Rooftop and Balcony Gardening: A Primer

Expert tips for creating the perfect urban oasis.

Living in a big city certainly has its perks: access to great architecture, restaurants, art and culture and more, but what can be lacking is green space. Urban dwellers looking to escape the concrete jungle can look no further than their balcony or rooftop deck to add a pretty pop of color to their home or a fresh addition to their next meal.

Building out a rooftop or balcony garden requires a bit of strategy, though, especially in a climate that gets a lot of sun and wind and little rain during the warmer months. Chicago is one of those climates, and experts in the Windy City agree that plant choice is fundamental to the success of an urban garden.

When looking for an expert on the topic of roof gardening, one Chicago rooftop restaurant stands out: Homestead on the Roof in Chicago, a literal farm-to-table restaurant that serves New American fare sourced from an on-site, nearly 3,000 square foot roof garden.

Sitting atop many “best of” lists like Chicago’s Best Best Al Fresco, Time Out Chicago’s Best Restaurants for Outdoor Dining and Chicagoist’s Best Rooftop Bars, Homestead on the Roof is located above Roots Pizza in the booming Ukrainian Village neighborhood, recently named Redfin’s Top Neighborhood of 2016.

Patrick Wingert, general manager of Homestead on the Roof, strongly encourages budding gardeners to think about both form and function as a first step.

“At Homestead on the Roof, we put a lot of thought into what we plant, based on what’s going to look nice and what's going to be functional. We don’t want to plant a bunch of parsley and then put that on everything we serve. We look for plants that will last for the season and are versatile,” said Wingert.

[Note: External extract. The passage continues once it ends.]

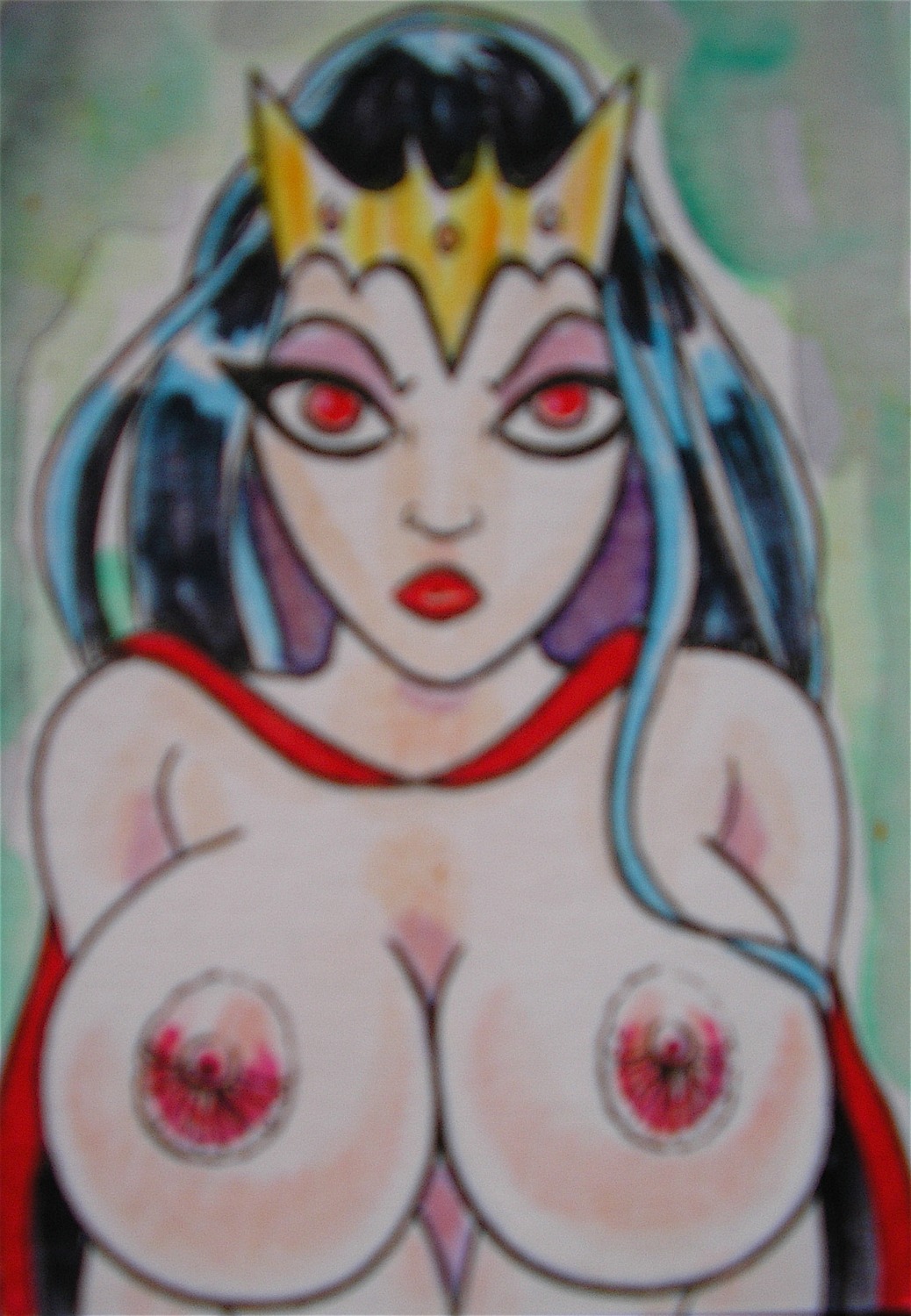 female lilith lilith_drake marvel marvel_comics rule34 siriguana tagme tomb_of_dracula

One interesting addition to Homestead on the Roof’s garden is nasturtium, an edible flower that Executive Chef Scott Shulman uses to make some of the menu’s seasonal dishes pop. Tomatoes, sunchokes and mint are also popular.

Rookie gardeners often don’t do enough research on what plants will do best in the climate in which they live, or the work required to maintain them.

“The biggest mistake a person can make is choosing the wrong plants,” said Joan Murray, sales manager at Gethsemane Garden Center in Chicago. “They choose plants that are not compatible with the exposure, like putting a shade plant in a sunny area. Rooftops are quite sunny, so it’s also important to have water readily available, too. Most people don’t have water close, and try to convince themselves that they’ll bring water up every day, which just isn’t realistic.”

When asked what the best plants, vegetables and flowers are best for first-time urban gardeners, Wingert suggests chives and wild grass.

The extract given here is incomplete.